# 1930s GenaFlash batteryless flashlights



## sanclea (Mar 11, 2009)

Hi,

I have a box full of artifacts (patents, correspondance, marketing literature) as well as a single flashlight related to the GenaFlash flashlight or in it's earlier incarnation as the Bat-les lite. A distant relative Charles Smith was the inventor in the 1920s. He originally sold the idea to Bat-les lite and then formed his own company in the 1930s called GenaFlash in Albany NY. Has anyone every seen on of these? I was considering having all of the stuff mounted in a display case for my dad but wasn't sure if it warrented it (I know nothing about collectable flashlights). 

thanks, A.J.

Here a copy of one of the marketing pieces:


----------



## Flying Turtle (Mar 11, 2009)

That looks like a slick light. Way ahead of its time. I'll bet it was a heavy-weight. Thanks for sharing, sanclea, and welcome to CPF.

Geoff


----------



## Backpacker Light (Mar 12, 2009)

:welcome:

Very interesting flashlight history.

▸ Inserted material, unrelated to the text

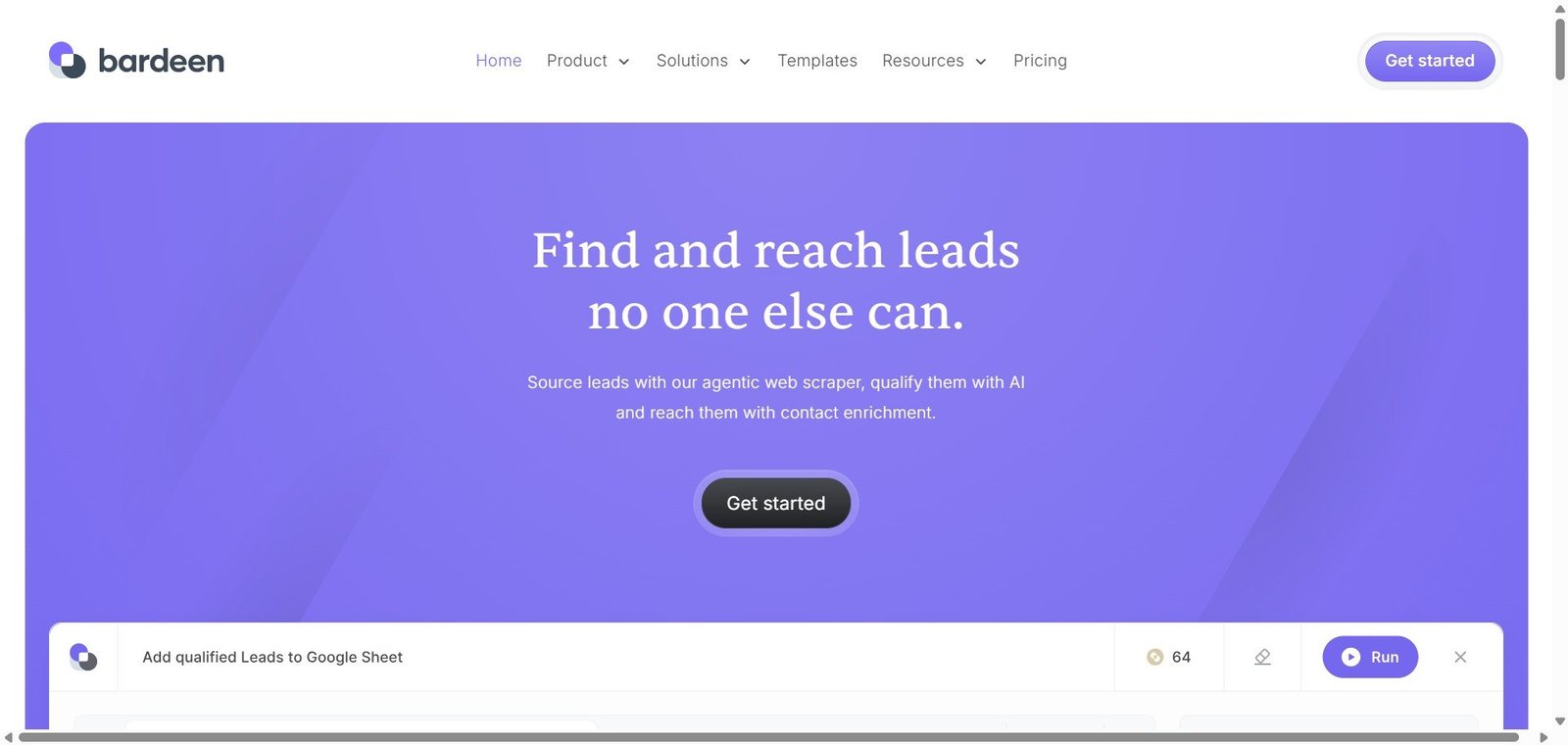Bardeen Webpage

What you have is IMO priceless. Thanks for posting this.

I'm sure you probably seen this small blurb in the 1940's newspaper about it
http://newspapers.rawson.lib.mi.us/chronicle/ccc1940b (E)/issues/09-13-1940_8.pdf 

You may want to try an e-mail to Stuart Schneider to see if he has any ideas at (not sure)
[email protected]
or 
[email protected]


Here is his website
http://www.wordcraft.net/flashlight.html


----------



## sanclea (Mar 14, 2009)

Thanks for the info. I'll email Stuart. I did see that blurb in the newspaper. The flashlight is not super heavy, maybe a couple of pounds. Here is a (rather poor) picture with a quarter next to it to give a sense of size.


----------